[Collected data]
++++++++

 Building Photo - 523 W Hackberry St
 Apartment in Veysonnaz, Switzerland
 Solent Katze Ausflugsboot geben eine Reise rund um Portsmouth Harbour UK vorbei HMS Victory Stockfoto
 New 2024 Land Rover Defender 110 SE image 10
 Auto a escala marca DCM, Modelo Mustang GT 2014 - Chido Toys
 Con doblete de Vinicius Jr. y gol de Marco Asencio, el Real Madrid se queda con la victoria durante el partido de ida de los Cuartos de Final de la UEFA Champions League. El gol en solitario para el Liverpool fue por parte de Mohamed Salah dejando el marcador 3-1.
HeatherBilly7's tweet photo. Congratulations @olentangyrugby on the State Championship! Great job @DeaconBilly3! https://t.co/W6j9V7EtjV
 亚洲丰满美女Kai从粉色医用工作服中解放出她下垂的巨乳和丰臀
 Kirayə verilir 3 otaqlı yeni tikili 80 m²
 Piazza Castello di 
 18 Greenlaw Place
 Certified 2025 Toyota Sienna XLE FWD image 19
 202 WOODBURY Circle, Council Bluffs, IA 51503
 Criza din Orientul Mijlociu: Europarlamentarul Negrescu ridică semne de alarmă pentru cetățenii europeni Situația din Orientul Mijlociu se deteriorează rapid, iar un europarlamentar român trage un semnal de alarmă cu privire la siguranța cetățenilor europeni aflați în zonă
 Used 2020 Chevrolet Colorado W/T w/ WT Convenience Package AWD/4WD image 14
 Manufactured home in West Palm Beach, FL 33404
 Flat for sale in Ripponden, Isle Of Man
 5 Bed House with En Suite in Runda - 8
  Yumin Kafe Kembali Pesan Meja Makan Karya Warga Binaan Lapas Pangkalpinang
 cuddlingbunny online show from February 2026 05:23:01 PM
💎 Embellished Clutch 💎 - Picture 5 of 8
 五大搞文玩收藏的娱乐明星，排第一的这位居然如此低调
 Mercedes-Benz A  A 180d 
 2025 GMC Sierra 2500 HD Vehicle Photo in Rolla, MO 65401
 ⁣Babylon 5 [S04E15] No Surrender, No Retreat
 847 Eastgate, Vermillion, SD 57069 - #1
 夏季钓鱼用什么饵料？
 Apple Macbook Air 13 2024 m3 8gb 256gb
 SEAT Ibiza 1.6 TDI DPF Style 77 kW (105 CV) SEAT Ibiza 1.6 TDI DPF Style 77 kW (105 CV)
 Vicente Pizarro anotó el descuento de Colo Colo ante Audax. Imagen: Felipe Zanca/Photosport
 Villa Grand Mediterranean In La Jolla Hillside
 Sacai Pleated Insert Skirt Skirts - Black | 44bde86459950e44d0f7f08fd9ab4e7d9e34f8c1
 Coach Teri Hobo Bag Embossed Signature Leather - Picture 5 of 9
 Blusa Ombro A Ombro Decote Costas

++++++++

§ ACTION ITEM
I'd like an exact copy of the lines above, from the very first one through the line that contains "Auto a escala", with nothing else added.

§ SOLUTION TO THE EXERCISE
 Building Photo - 523 W Hackberry St
 Apartment in Veysonnaz, Switzerland
 Solent Katze Ausflugsboot geben eine Reise rund um Portsmouth Harbour UK vorbei HMS Victory Stockfoto
 New 2024 Land Rover Defender 110 SE image 10
 Auto a escala marca DCM, Modelo Mustang GT 2014 - Chido Toys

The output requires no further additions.